Suzanne, Serena and the Hidden Threads of Tennis Style
Two legends, a century apart, shaped tennis style forever. As the French Open kicks off, how well do we really know their influence - and the surprising ways it still shows up today?
Part I - "Gay, brittle and brilliant.”
99 years ago, on a sparkling September afternoon in Paris, a 768-foot ocean liner pulled into the city’s main port. It entered France empty and departed for the US with 1.5 tonnes of cargo, 12 carts of mail and 1,600 passengers. One of these passengers, staying in a newly appointed first-class cabin, was the era’s greatest ever tennis player: Suzanne Lenglen.
Lenglen was off to New York, where she would embark on a national tour of the US, drawing thousands of fans by train, car, and horse-drawn carriage to watch her play.
To look back now is to see that Lenglen wasn’t ahead of the time so much as existing outside of it. A gravitational force so mesmeric she could lure 13,000 to Madison Square Garden and help establish tennis as a paid profession (for both men and women) in the process. In diving into Lenglen’s legacy, there is a YouTube video that I’ve returned to time and time again. It distills her mastery of tennis into a scratchy, 16min film, replete with the patina of old-world style:
That video, while an amazing artifact, doesn’t even capture the true extent of her talents.
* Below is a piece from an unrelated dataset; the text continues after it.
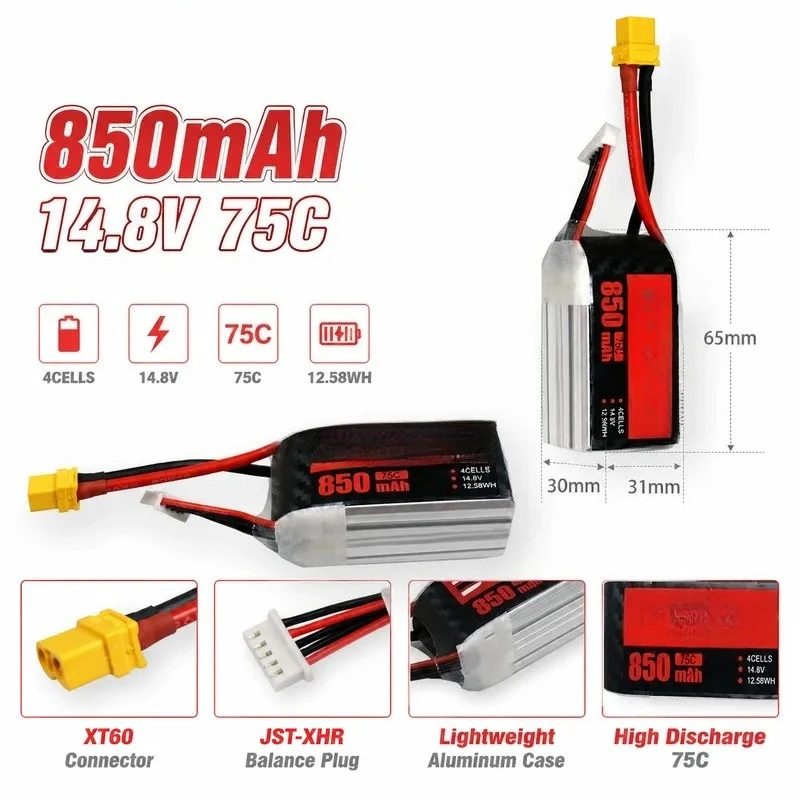 for Beite battery X series 850mah/4S/14.8V/75C/FPV special battery for crossing machine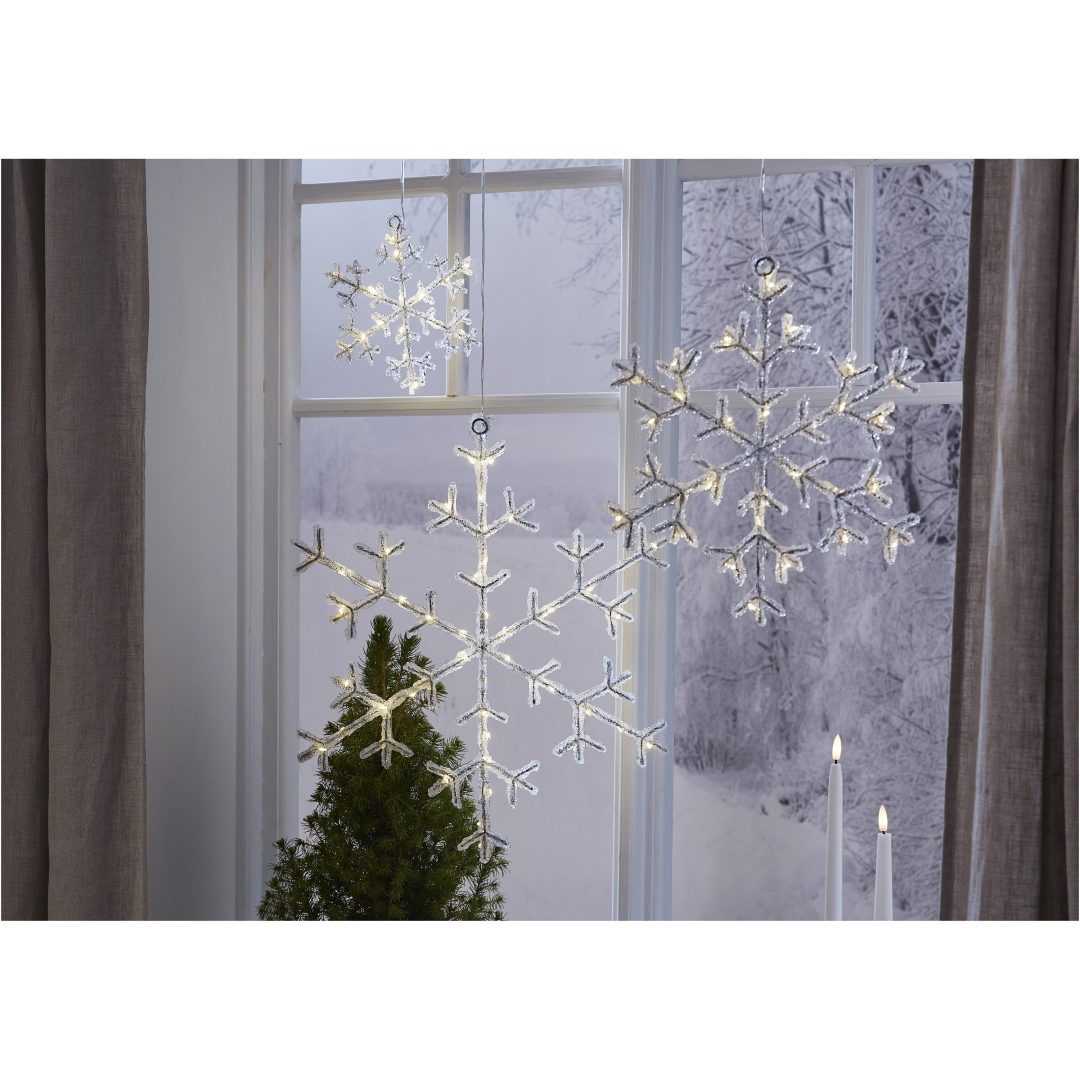 Snöflinga Icy Transparent Star Trading – bild 7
She was “The Goddess of Tennis” as anointed by The New York Times. “The player for the Jazz Age: gay, brittle, and brilliant.”
Once you shake off that gloriously old-timey description (it practically begs to be read over a crackling radio), you begin to realize: no one invites comparisons to jazz - in all of its style and verve - through their on-court play alone.
The real clue to Lenglen’s stunning popularity lies off the court, with her departure to New York on that September morning offering the most incisive example of why the world loved her.
Because on the very morning she was set to travel to the US - before the matches, before the fanfare - a journalist approached her and asked about her fitness:
“I don’t know,” she replied. “I haven’t played for months.” Instead, she said, she had been shopping. “You should see this black and white evening dress of mine. It’s a masterpiece.”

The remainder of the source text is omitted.